Guide
Deploying a real-time VLM: from camera to answer in under 200ms
A field guide to the latency budget of a live vision pipeline (capture, transport, preprocessing, prefill, and decode) and where the milliseconds actually go.
Every real-time vision deployment lives inside a latency budget. If the round trip from a frame to an answer exceeds ~200ms, the system stops feeling like it is watching and starts feeling like a form submission. This guide walks the budget end to end and shows where the milliseconds hide.
The budget#
For a standardized short task (one frame in, ~24 tokens out) the wall clock breaks down into five stages:
- Capture & encode, the camera or screen produces a frame and the client encodes it. Usually single-digit milliseconds, but a badly chosen codec or a full-resolution still can cost you 50ms before anything leaves the device.
- Transport, the frame travels to the model. This is the term that varies most by region; it is why we measure latency by location.
- Preprocessing, resize, patchify, run the vision tower. Easy to underestimate: we have seen a 15-frame clip spend 428ms of CPU here before the request even touched the GPU.
- Prefill, the model reads the image tokens plus your prompt. Time to first token is dominated by this stage.
- Decode, the model streams the answer at its sustained output speed.
Where the milliseconds go#
The counterintuitive part: for a short answer, decode is rarely the bottleneck. A small model streaming at 300 tok/s emits 24 tokens in ~80ms. The budget is usually spent on preprocessing and prefill (the vision tower and the image-token prefill), plus transport.

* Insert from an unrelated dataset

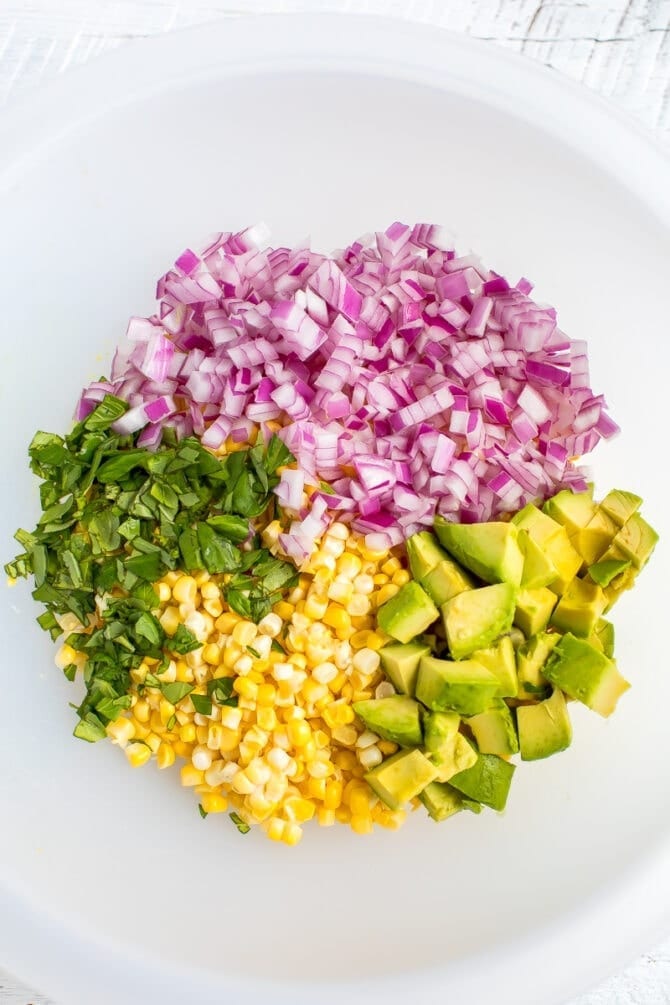 Ingredients for corn and avocado salad in a bowl including basil, corn, red onion and avocado.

That reshapes how you optimize:
- Pick the right model size. A 2–8B VLM on latency-optimized infra clears the bar in most regions; a frontier reasoning model never will, because think time alone is measured in seconds.
- Keep the frame small. Send the resolution the model actually consumes. Oversized frames tax both transport and the vision tower.
- Stay in region. Readiness that only holds next to the datacenter is not readiness. Verify against your users' region, not the closest one.
- Avoid reasoning for reflexes. Reserve chains of thought for the hard single-image question, not the thousand-frame stream.
Reading the boards for deployment#
Start from the latency board filtered to real-time readiness, cross-reference cost per task so a cheap-looking per-token price doesn't hide an expensive workload, and confirm the regional spread covers where you actually run. The model that wins is almost never the one at the top of the Intelligence Index, it is the fastest one that is still smart enough for the task.